Remember the 2010 Campervan Challenge? It Was Ridiculous

Have you ever been frustrated by the craftsmanship of your RV and thought, “I could do better?” Creating a vehicle that’s functional, comfortable, and road-worthy isn’t easy. The hosts of the British television show Top Gear discovered that in 2010 when they attempted their Campervan Challenge. Let’s see how it went! 

What Was the 2010 Campervan Challenge? 

Top Gear hosts often face off in automotive-related challenges. In series 15, episode 4, the hosts had to build the coolest motorhome possible. It had to contain a kitchen and working toilet. It also had to be legal to drive on British roads. They tested their newly constructed motorhomes by taking them on a 215-mile road trip.

The campervans had to withstand the road and unpredictable conditions during the trip. The hosts also faced additional challenges such as preparing a meal and taking their rigs to the beach. They even had to change into wetsuits inside their RVs!

These challenges tested the practicality of the motorhomes. As any RVer can attest to, a beautiful RV that isn’t functional is a useless RV.

Purpose of the Challenge

This Top Gear challenge, and many others, cast a wide net in terms of viewership for the show. Plus, in each challenge, the hosts got to show off their experience and skills during a friendly competition. You never knew which host would shine from week to week, which kept viewers tuning in.

The Cars in the BBC Top Gear Campervan Challenge Were Ridiculous

The three hosts, Richard, Jeremy, and James, all joined in on this challenge. Let’s look at each of their builds and see how they measured up.

Richard used an old Land Rover for the base of his build. Then he built a house on wheels inside and out. 

When Richard hit the road, he and his campervan encountered some serious structural issues. The walls began to collapse, and his truck’s heater didn’t work. He had plenty of room to change into a wetsuit, but his motorhome also suffered in the high winds.

Jeremy stacked a three-story structure on the rear of a Citroen CX Break for his build. Nicknamed the Leaning Tower of Citroen, it faced steep structural issues. For example, it could not fit under a fuel station’s canopy. Jeremy even removed windows to help with the aerodynamics.

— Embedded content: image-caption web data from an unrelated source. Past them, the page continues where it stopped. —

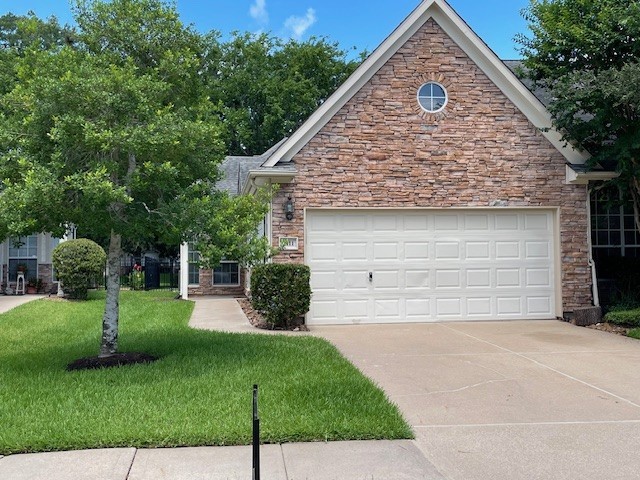 2111 Ridge Wood Ln, Sugar Land, TX 77479 - view of front of property featuring stone siding, concrete driveway, a front lawn, and an attached garage
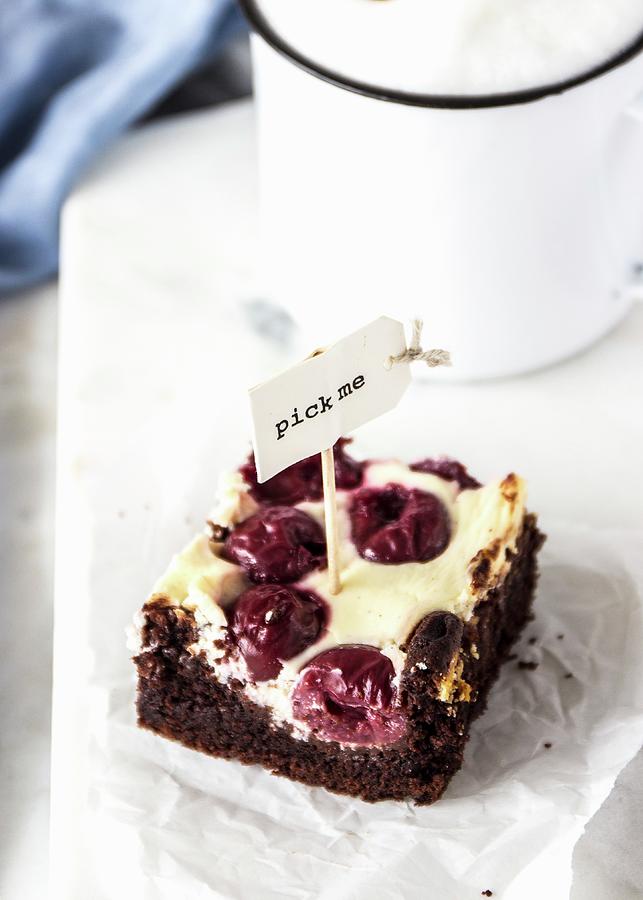 A Cheesecake Brownie With Sour Cherries Photograph by Emma Friedrichs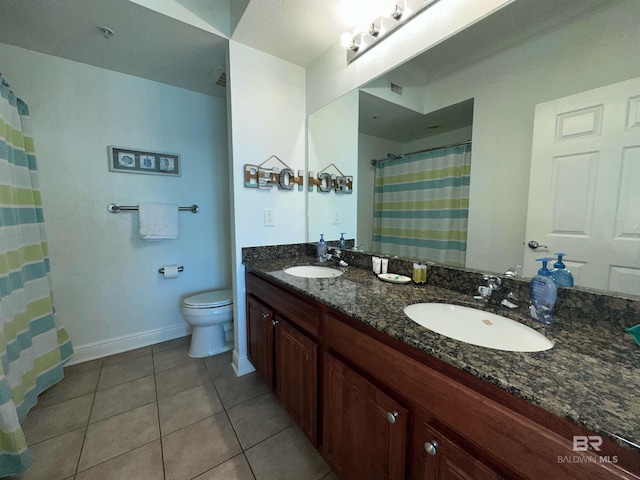 bathroom featuring tile patterned floors, double vanity, toilet, and a sink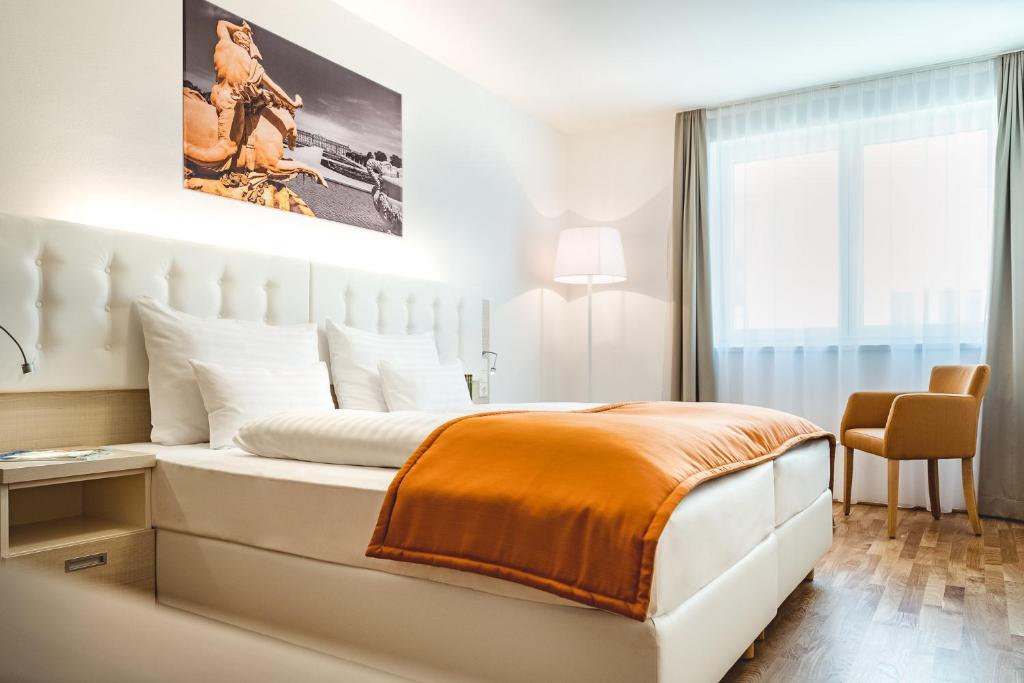 a white bedroom with a large bed with an orange blanket at Oliver Apartments | contactless check-in in Vienna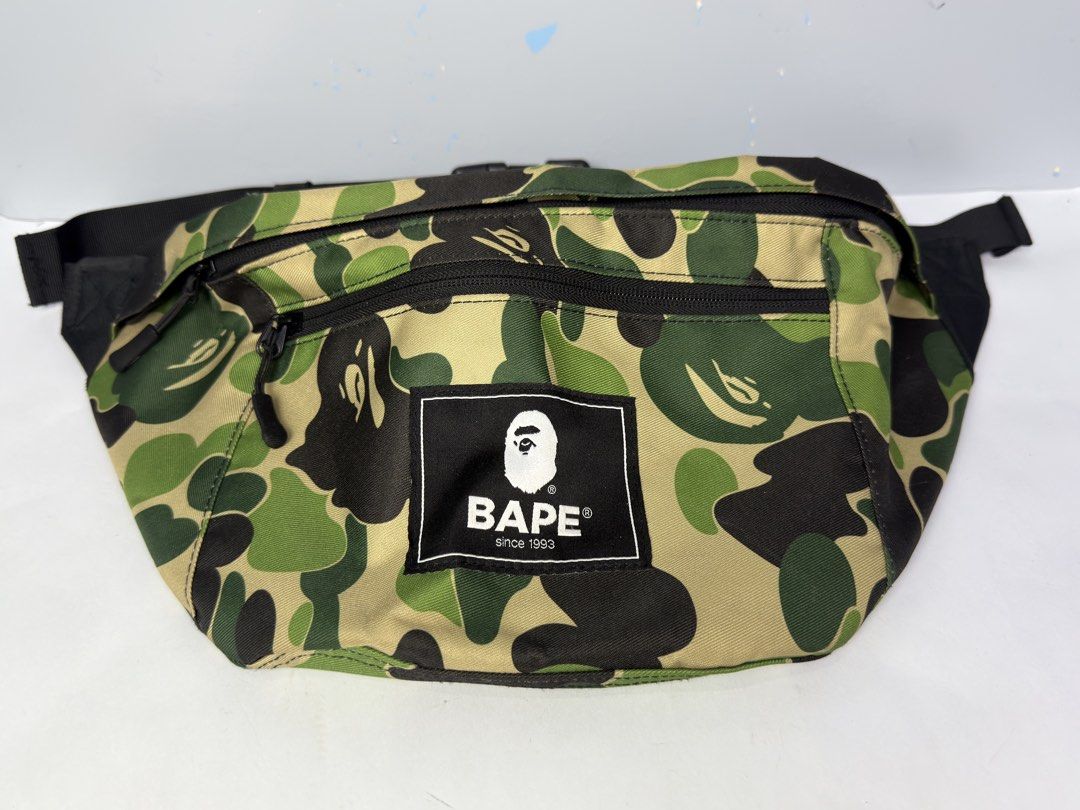 BAPE Camo Waist Bag (Category: Belt bags, Clutches and Pouches) located in Manila. Submitted by dipdrip (Listing ID 1438777188, Image 1). Description: - Authentic BAPE waist bag - Iconic camo pattern - Main compartment - Front zippered pocket - Adjustable strap with buckle closure - BAPE logo on front Condition In excellent condition 1,500php Negotiable Open for COD via Lalamove around Metro Manila.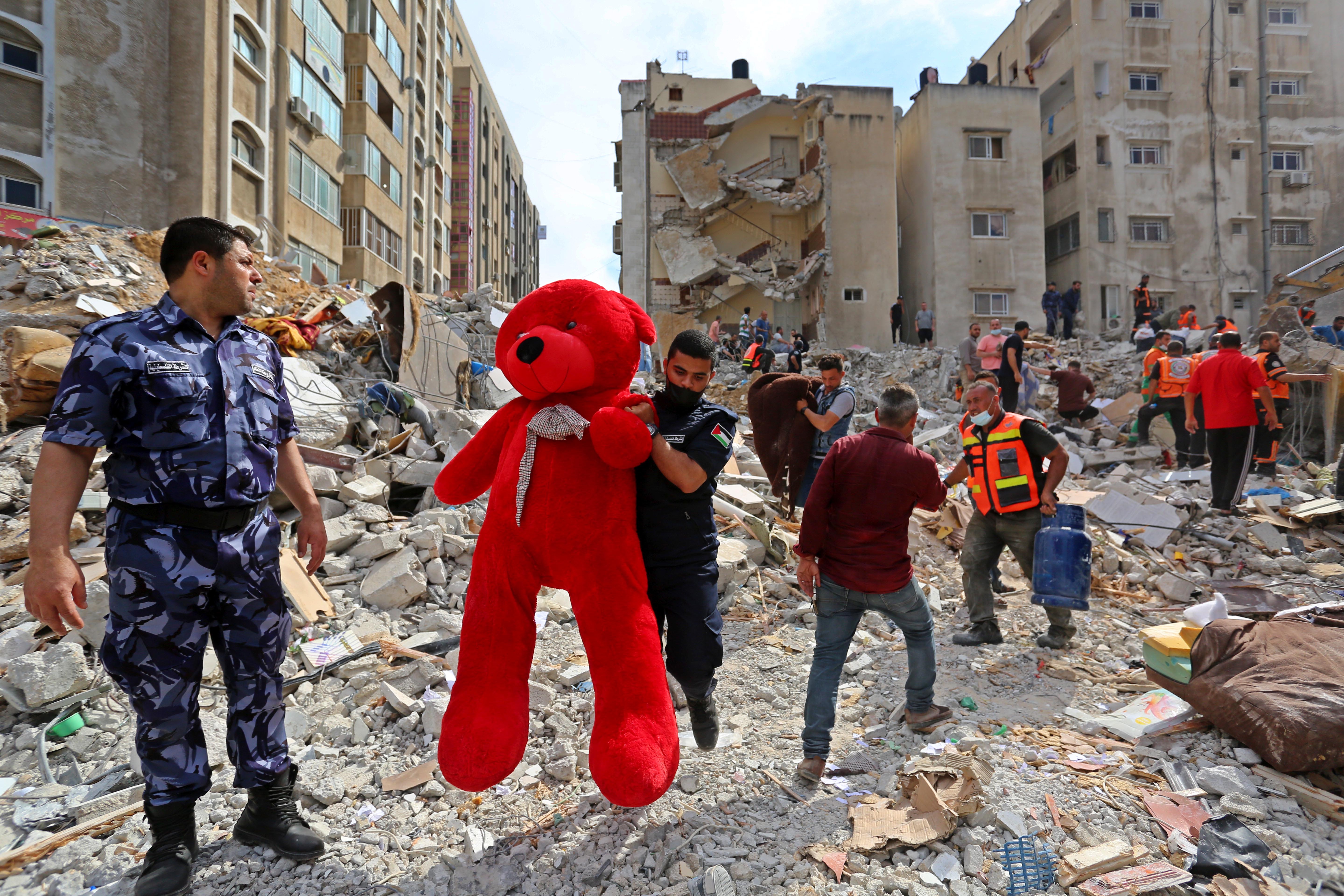 Sebuah boneka teddy bear diangkat oleh tim SAR yang berusaha mencari korban selamat dari serangan udara Israel yang menghantam salah satu apartemen di Gaza. Foto oleh: Ashraf Amra/Anadolu Agency via Getty Images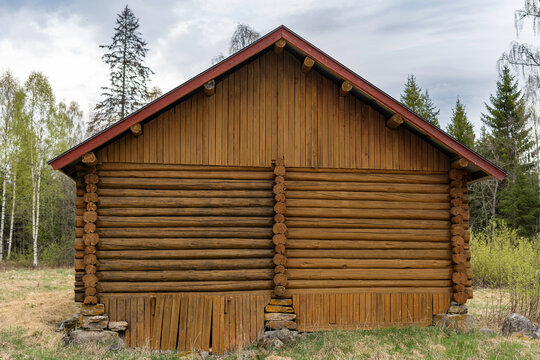 Detailes of an old log house stands on stone piles. Traditional Scandinavian and Norwegian architecture.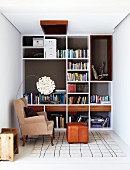 Smart fitted shelving in reading corner with traditional wing-backed chair and foot stool combined with pretty designer lamp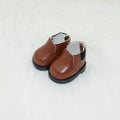 A pair of 17cm scale PU doll shoes in a selected colour and style, such as black leather shoes or brown boots.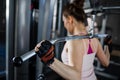 Young woman training lats on cable machine in gym Royalty Free Stock Photo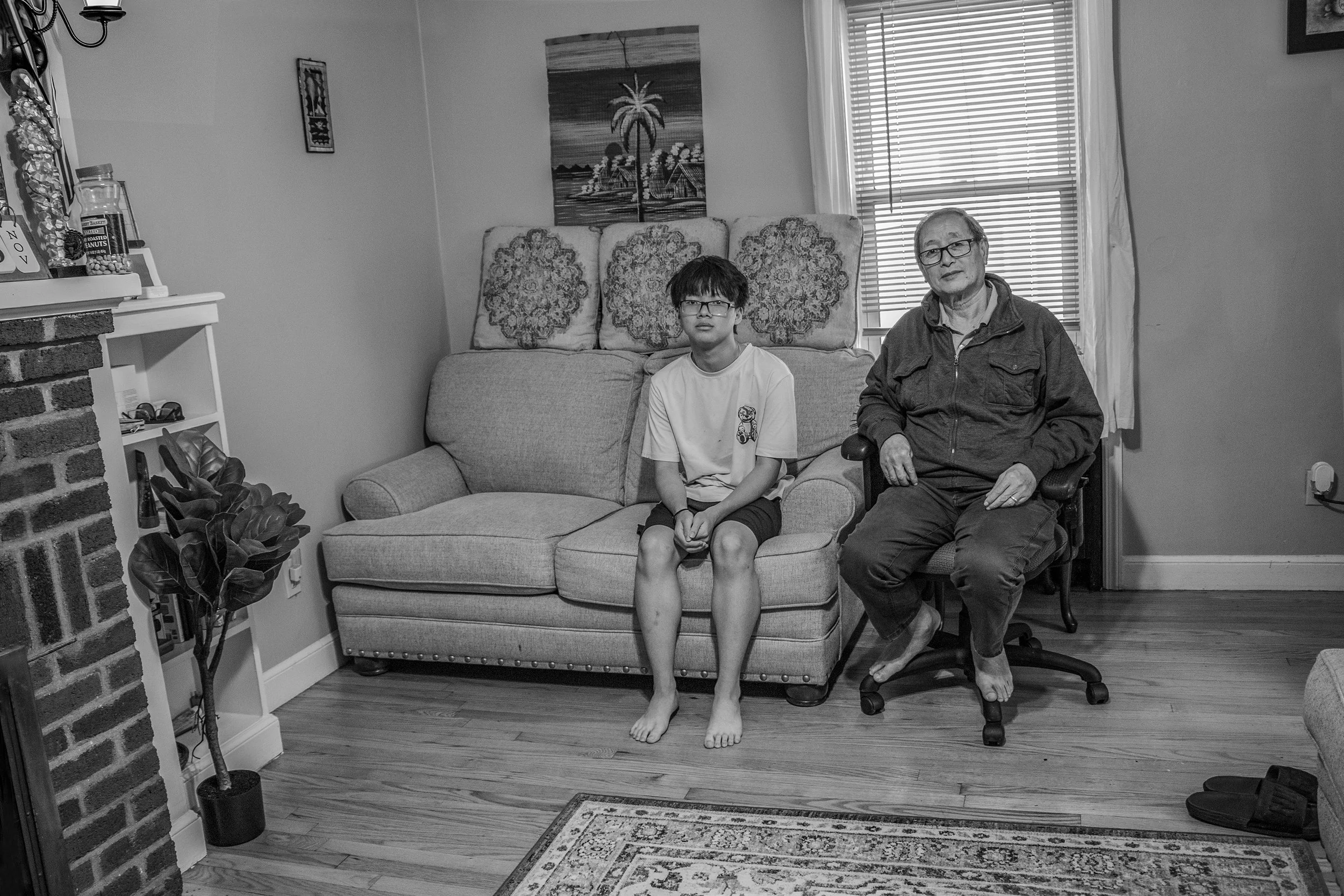 A black and white photo of a boy and an elderly man sitting on a sofa in a living room. The boy is barefoot, looking at the camera, and wearing glasses and a T-shirt. The elderly man is sitting on a rolling office chair, also barefoot, wearing glasses, and a zip-up jacket.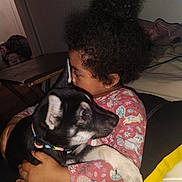 Vergil joined the competition — help win amazing prizes! child, puppy, dog, hug, curly_hair, indoor, colorful_collar, pink_shirt, patterned_clothing, black_dog, white_paws, cute, affection, portrait, cozy, furniture, table, relaxing, home, love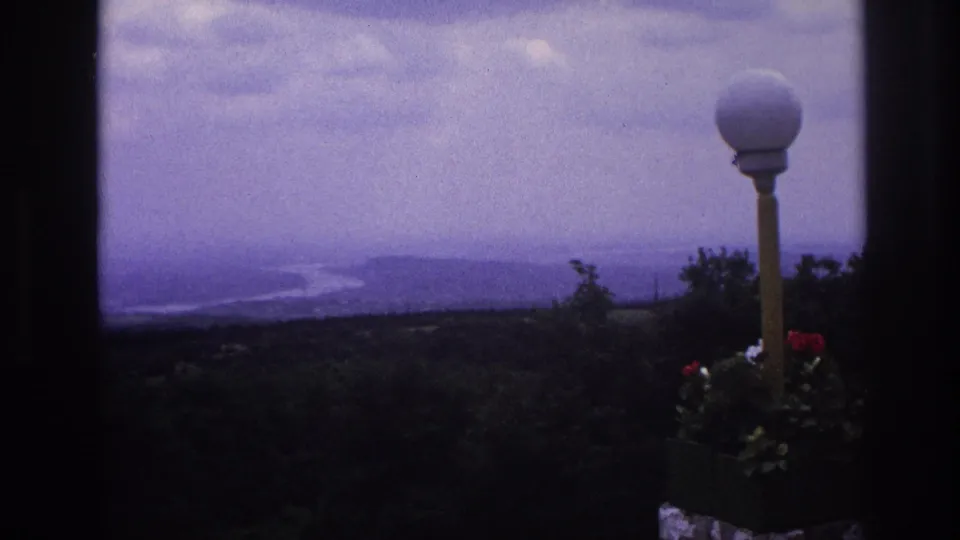 1967 France home-movie view of a hazy river landscape, framed by dark edges with a white globe lamp and red flowers in the foreground.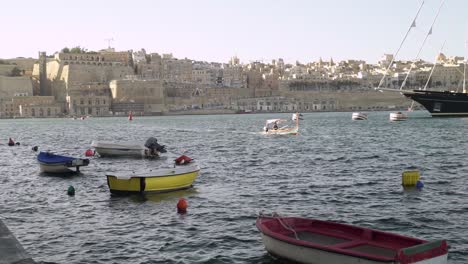 una pequeña góndola llega al puerto desde valletta, malta en bg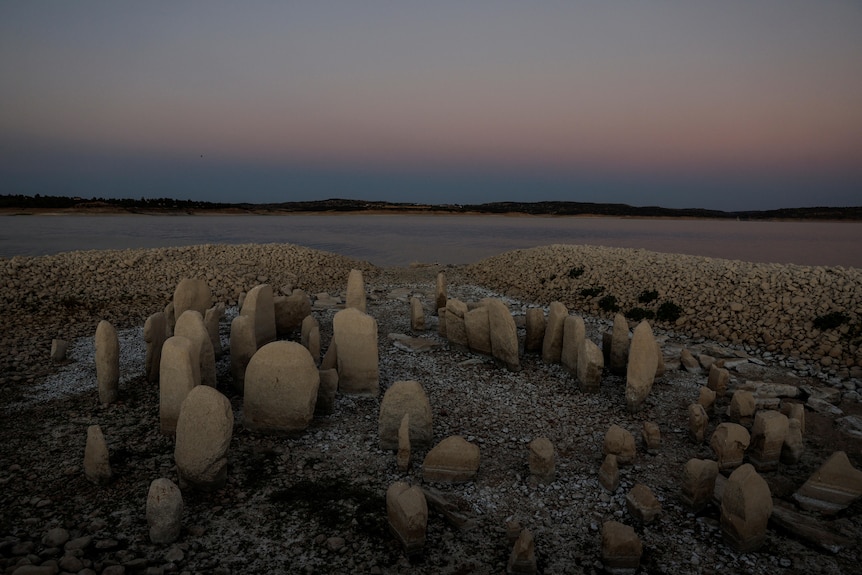 Dozens of rounded stones rise from a rocky lake bed against a sunset horizon.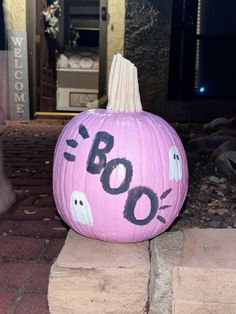 a pink pumpkin with boo written on it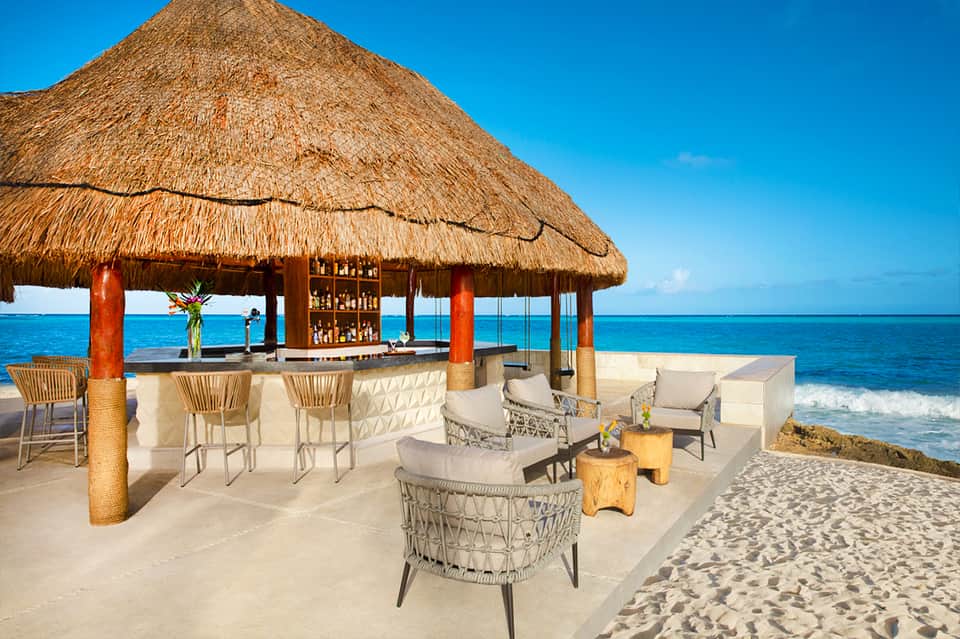 Beachfront tiki bar with thatched roof, lounge seating, and turquoise ocean view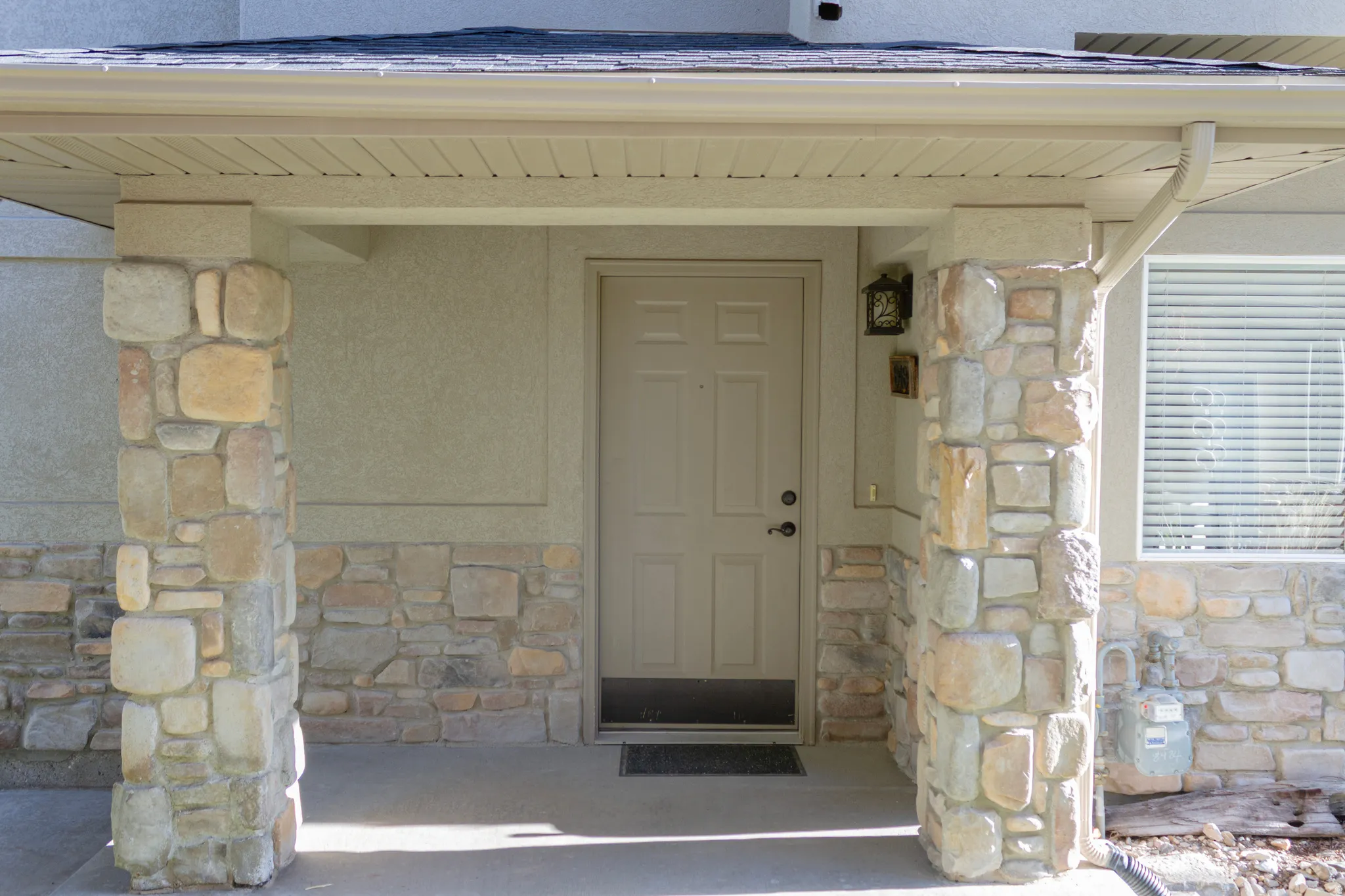 View of exterior entry with stone siding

While Jeremy left to grab ice cream from a local shop, his competitors moved his motorhome next to a cliff. With its handbrake off, it plunged off the cliff, shattering on the way down.

James utilized a 1987 Lotus Excel with a rocket-shaped roof box stacked on top. This unique design proved structurally sound on the road. However, James discovered during the trip that he’d covered his gas tank fill. He also found the tight space less than ideal for changing into his wetsuit. 

Despite the issues, James’ motorhome appeared the most successful of the three. 

It’s Not Practical to Build Living Quarters on Cars

Cars do not provide ideal support for considerable amounts of weight, especially living quarters. Having too much weight on a vehicle’s frame can cause handling or steering problems. None of these builds resembled true campervans or conversion vans.

How the Campervan Challenge Differs from Today’s Vanlife Trend

One of the fastest-growing trends in RVing is conversion vans. Campers love the flexibility and stability. Best of all, they’re nothing like the disasters created by the Top Gear hosts.

Vans used for vanlife are designed and engineered for luxury living. You can find all the amenities of a home without worrying that your van will fall apart on the road. If we can learn anything from the Top Gear builds, it’s the importance of vehicles actually designed for vanlife.

Were the Cars in the Campervan Challenge the Craziest Campers Ever Built?

While Top Gear produced some crazy vehicles, even stranger ones do exist. This list of the Top 20 Weirdest RVs in the World will leave you scratching your head. Which one is your favorite?

Top Gear pushed the boundaries in their motor challenges. That’s why only professionals should attempt these builds.

Luckily, no one got hurt in the challenge, but it could have ended differently. Which vehicle would you use for the base of a campervan?